BEGIN

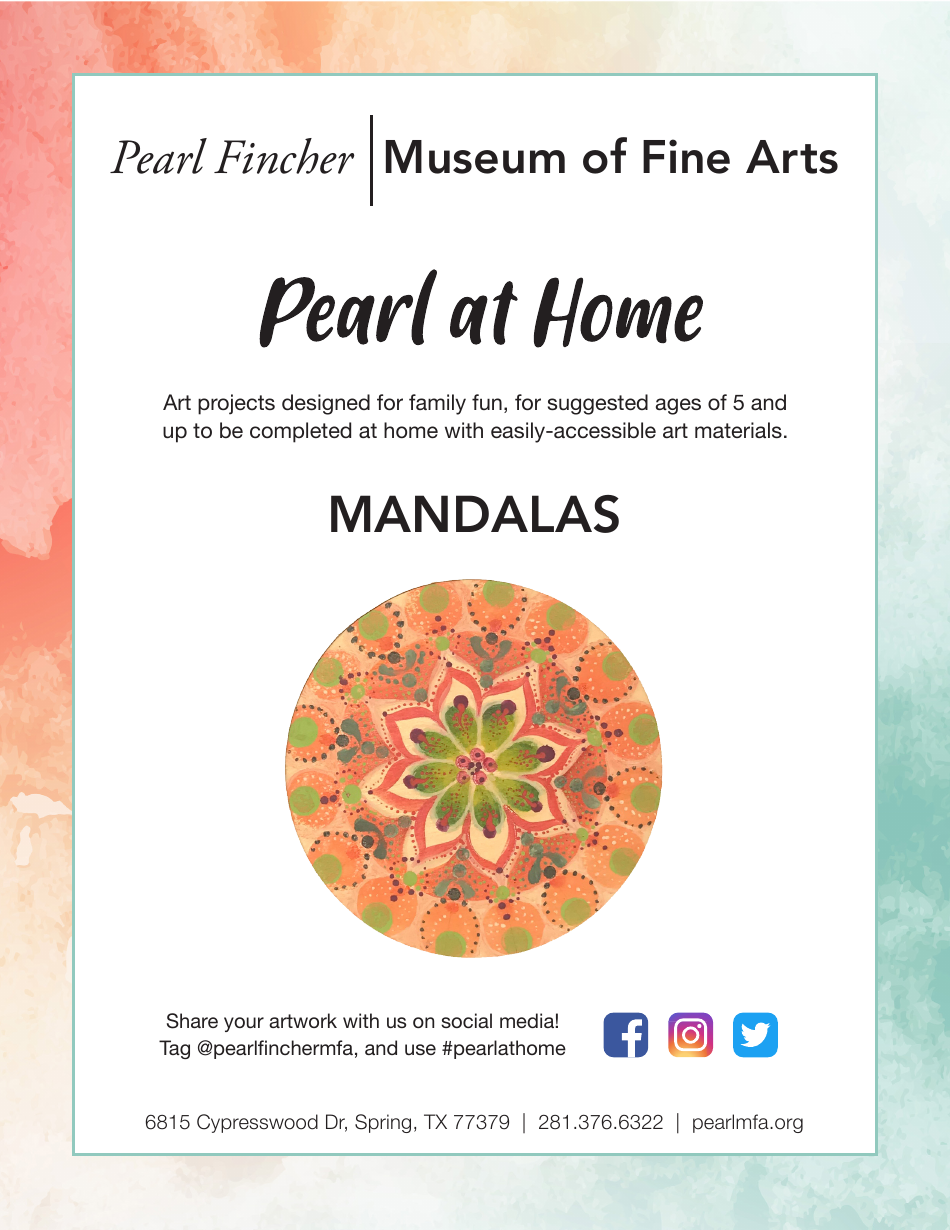 Pearl at Home Mandala Pattern Template - Document Preview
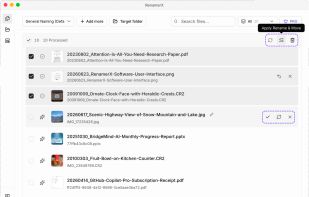 Review original filenames beside AI-generated suggestions before applying a batch rename.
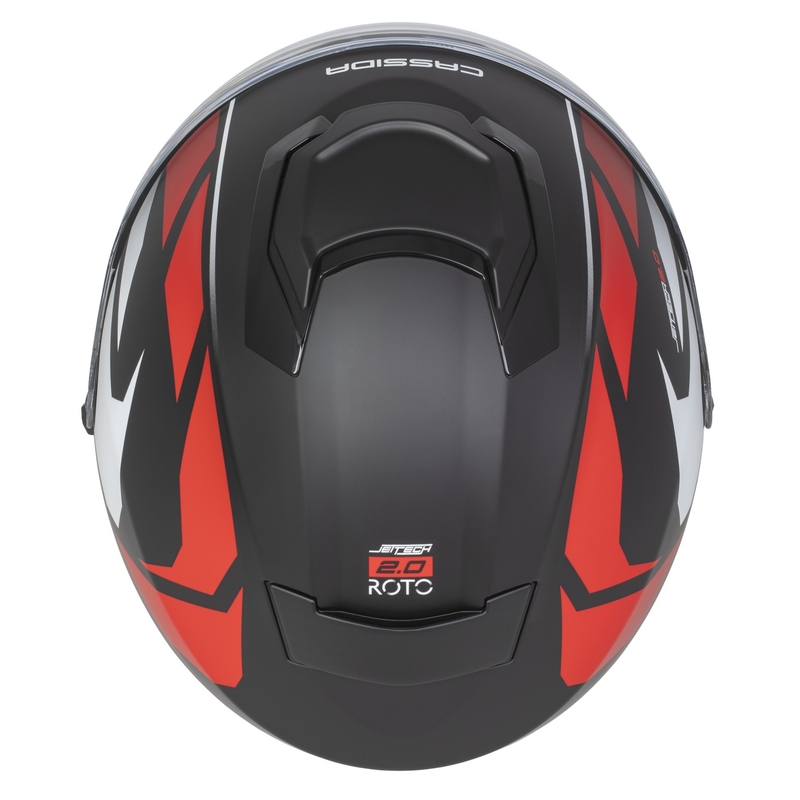 Cassida Jet Tech 2.0 RoTo open motorhelm mat zwart-rood-wit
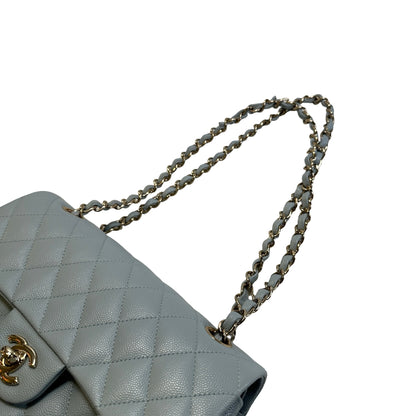 Used CHANEL Quilted Caviar CF23 Chain Shoulder Bag Light Blue GHW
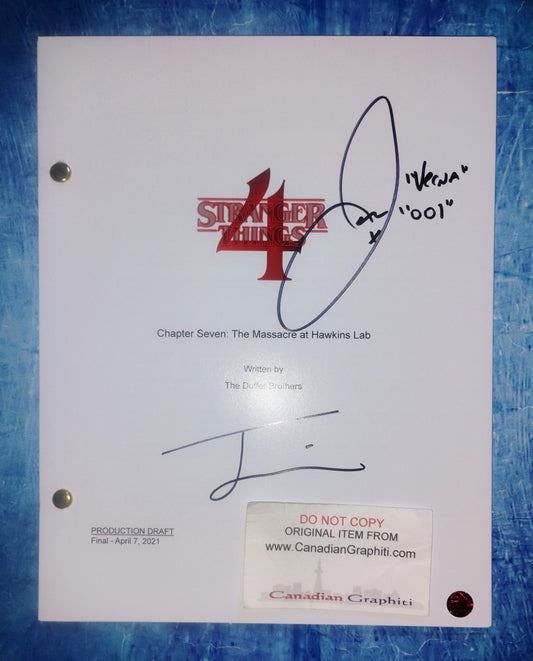 Joseph Quinn & Jamie Campbell Bower Hand Signed Autograph Stranger Things Script COA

END

- [Your goal] Reproduce the listing in full and exactly, excluding any pictures it holds.

- [Reply to the task]
 Pearl at Home Mandala Pattern Template - Document Preview
 Review original filenames beside AI-generated suggestions before applying a batch rename.
 Cassida Jet Tech 2.0 RoTo open motorhelm mat zwart-rood-wit
 Used CHANEL Quilted Caviar CF23 Chain Shoulder Bag Light Blue GHW
 Joseph Quinn & Jamie Campbell Bower Hand Signed Autograph Stranger Things Script COA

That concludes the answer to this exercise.